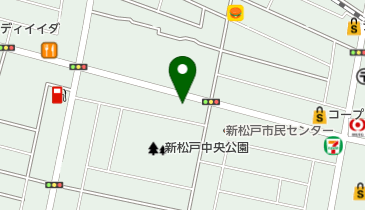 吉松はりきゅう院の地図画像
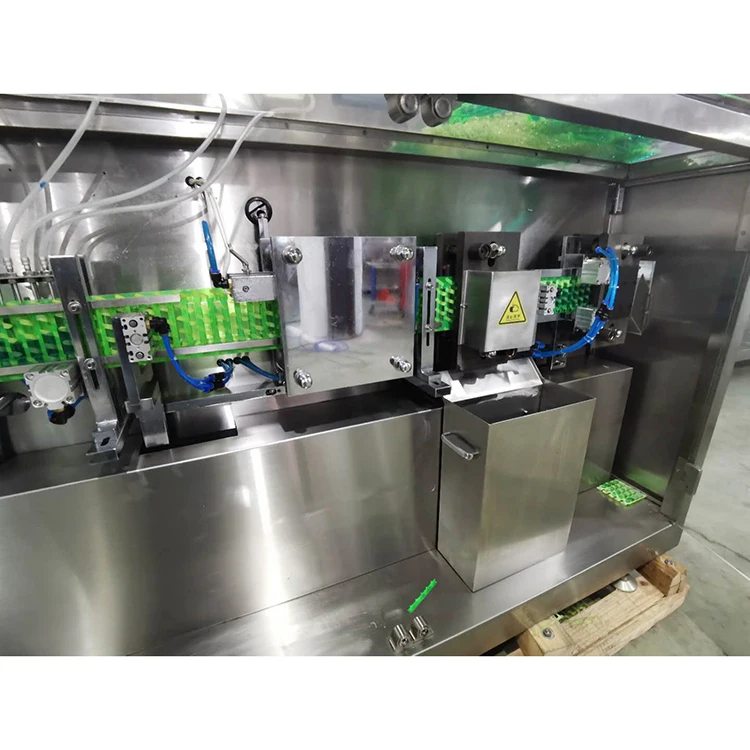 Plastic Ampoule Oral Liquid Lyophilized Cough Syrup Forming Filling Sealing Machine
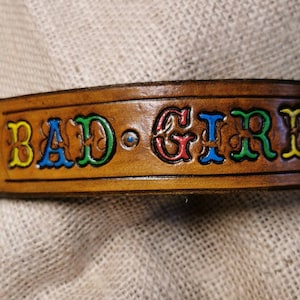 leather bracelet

____________________

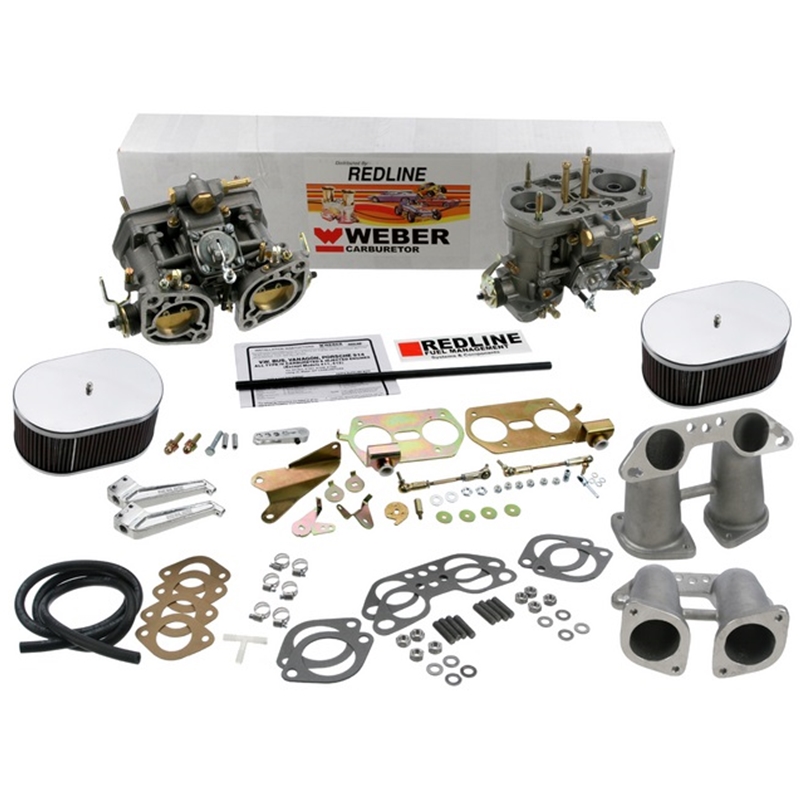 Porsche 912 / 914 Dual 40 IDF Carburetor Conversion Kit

____________________

--- Task details ---
Beginning with the line above that contains "Plastic Ampoule Oral" and finishing with the line that contains "leather bracelet", print those lines exactly and only. Skip all pictures.

--- Your solution ---
 Plastic Ampoule Oral Liquid Lyophilized Cough Syrup Forming Filling Sealing Machine
 leather bracelet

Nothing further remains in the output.